▸ Exercise prompt
Reproduce the material that follows, keeping every line exactly as it is.

▸ The data
+-------+

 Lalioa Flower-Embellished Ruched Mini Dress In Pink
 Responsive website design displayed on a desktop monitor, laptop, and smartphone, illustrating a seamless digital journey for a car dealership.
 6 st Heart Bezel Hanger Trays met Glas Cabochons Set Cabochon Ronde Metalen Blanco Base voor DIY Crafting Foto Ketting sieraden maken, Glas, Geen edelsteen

+-------+

▸ Answer area
 Lalioa Flower-Embellished Ruched Mini Dress In Pink
 Responsive website design displayed on a desktop monitor, laptop, and smartphone, illustrating a seamless digital journey for a car dealership.
 6 st Heart Bezel Hanger Trays met Glas Cabochons Set Cabochon Ronde Metalen Blanco Base voor DIY Crafting Foto Ketting sieraden maken, Glas, Geen edelsteen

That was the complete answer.